The Asian markets mirrored the downward trajectory of US stocks, influenced by a weaker US dollar, as sentiments turned cautious with disappointing tech earnings dominating news cycles. China-centric reports focused largely on the financial performance of Tesla alongside lowered iPhone 16 order expectations from Apple, which further fueled a bearish outlook for growth stocks in Hong Kong. Educational services firm New Oriental Education and Topsports saw significant declines—6.49% and 2.81%, respectively—affecting overall market confidence. Despite the IPO of Horizon Robotics raising a substantial $696 million with a modest gain of 2.76%, investor sentiment across popular growth sectors was distinctly negative. Notably, Southbound Stock Connect recorded only a minor net sell of $60 million, showcasing a clear retreat after three consecutive days of heavy buying that reached $3.57 billion, marking a year-to-date investment total of $72.64 billion.
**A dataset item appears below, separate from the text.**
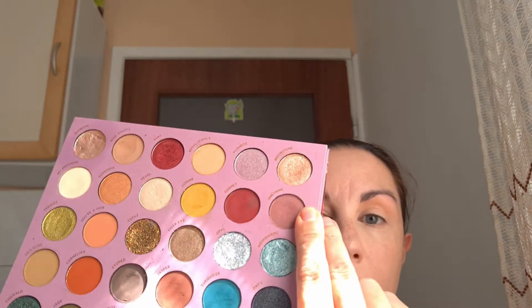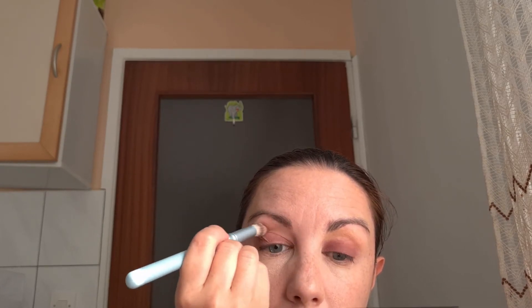And now as my eyelid shade I'm gonna use the shade Ametrine on the rest of my eyelid, and I'm gonna apply this shade in a petting motion. I'm gonna take the same blending brush and I'm gonna blend these two colors together. I'm gonna apply a little bit more color to emphasize this eye look.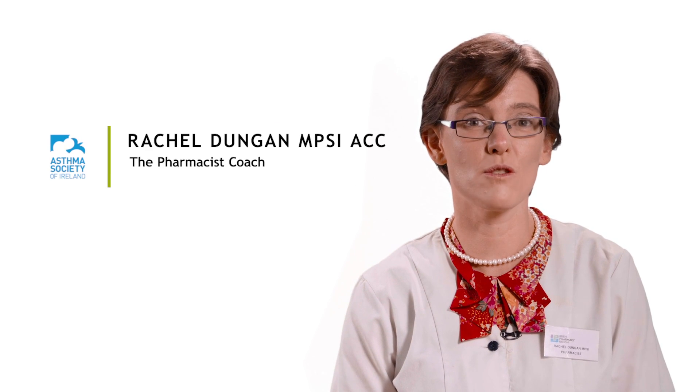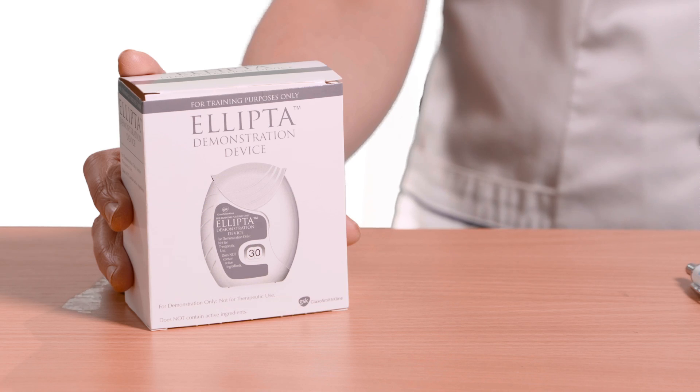Now I'm going to show you how to use the Ellipta device. This technique applies irrespective of the medication delivered in the device.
Before the opening bell on US markets, TAL Education surprised analysts with earnings surpassing expectations across the board—revenue, adjusted net income, and adjusted EPS—including a notable 1.57% uptick in pre-market trading. Meanwhile, mainland markets showed losses but fared better compared to Hong Kong. Investors in China remained on standby for the National People’s Congress (NPC) schedule and expected announcements regarding potential fiscal stimulus measures to bolster the economy and address market concerns. Additionally, robust passenger car sales in September were reported, revealing a 4.5% year-over-year increase alongside a remarkable 53.3% penetration for new energy vehicles (NEVs) amidst an ongoing conversation concerning government tariffs impacting expansion in Europe for Chinese electric vehicle manufacturers.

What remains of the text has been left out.